FIELD: electrical engineering.

SUBSTANCE: invention relates to electrical engineering, to transformers with a rotating field, and can be used in multipolar transformers with a rotating field and semiconductor converters based on them. Invention is directed to reducing the number of bends of a ring winding by combining groups of coils lying at different poles, to the common section of the ring winding, which is commutated as part of the converter as a unit when the coil groups are serially connected.

EFFECT: technical result is a reduction in the number of switched bends of the ring winding and the semiconductor keys required for this, possibility of using any number of magnetic poles in a transformer with a rotating field, simplifying the assembly technology.

1 cl, 7 dwg

Description

The technical field to which the invention relates. The invention relates to electrical engineering, namely to transformers with a rotating field, and can be used in multipolar transformers with a rotating field and semiconductor converters based on them.

The level of technology. The prior art multi-phase transformer with a rotating field [RF patent No. 2115186], containing a middle twisted magnetic circuit with grooves on the end surfaces, in which the primary three-phase winding is laid, and two side twisted magnetic circuit with grooves on the end surfaces adjacent to the ends of the middle twisted magnetic circuit with multiphase windings.

The disadvantages of this solution include the use as an output multiphase multipath winding, which significantly complicates the manufacturing technology of a transformer with a rotating magnetic field, as well as the use of a diametrical pitch of the windings, which leads to the appearance of significant frontal parts on the transformer, which worsens the weight and size of such a solution and reduces the quality output voltage. The main disadvantage is the use of three-phase and multiphase windings with large pitch coils, which complicates the assembly technology.

A rotary field transformer is also known [RF patent No. 2525298], intended for use in multiphase semiconductor converters, and containing an outer ring and an inner magnetic circuit, with three-phase and ring windings laid in them. Three-phase and ring windings with a shortened pitch and a fractional number of grooves per pole and phase are laid in the internal lined magnetic circuit, which allows reducing the overall dimensions of the transformer.

The disadvantages of this solution include the use of a ring winding with a shortened pitch, which complicates the connection scheme of the coil groups of the winding and leads to an increase in the cost of manufacturing the transformer as a whole. The main disadvantage is that when using windings with one pair of poles, the step of the coils of the annular and three-phase windings is equal to half the number of teeth of the magnetic circuit, which leads to a corresponding increase in the departure of the frontal parts of the coils and, consequently, to a deterioration in overall dimensions.

Disclosure of the invention. The prior art is a transformer with a rotating field, which is a cylindrical magnetic circuit with grooves, as an asynchronous motor with a locked phase rotor, and several windings that fit into the said grooves. The windings are made according to the type of windings of electric machines, the three-phase stator type of AC machines and one or more ring windings of the anchor type of DC machines.

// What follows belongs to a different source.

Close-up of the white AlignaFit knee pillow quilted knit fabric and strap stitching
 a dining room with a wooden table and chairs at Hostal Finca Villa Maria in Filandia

The main field of use for rotating field transformers is the replacement of transformers with pulsating magnetic fields in semiconductor static converters, such as inverters and rectifiers. This allows you to change the principle of conversion due to the presence of an additional degree of freedom in transformers with a rotating field, and to abandon the use of pulse-width modulation, and the associated heat and radiation of radio interference. In converters on a transformer with a rotating field, a change in the power circuits of the secondary winding for the rectifier and the primary winding for the inverter (that is, from the DC side). Instead of the three-phase windings included by the star connection, a closed ring winding of the type of anchor windings of direct current machines began to be used. Such a winding allows you to realize an increase in the number of phases of the system without increasing the mass and dimensions of the transformer, by increasing the number of sections of the annular winding, and accordingly, the number of its taps connected to the switch.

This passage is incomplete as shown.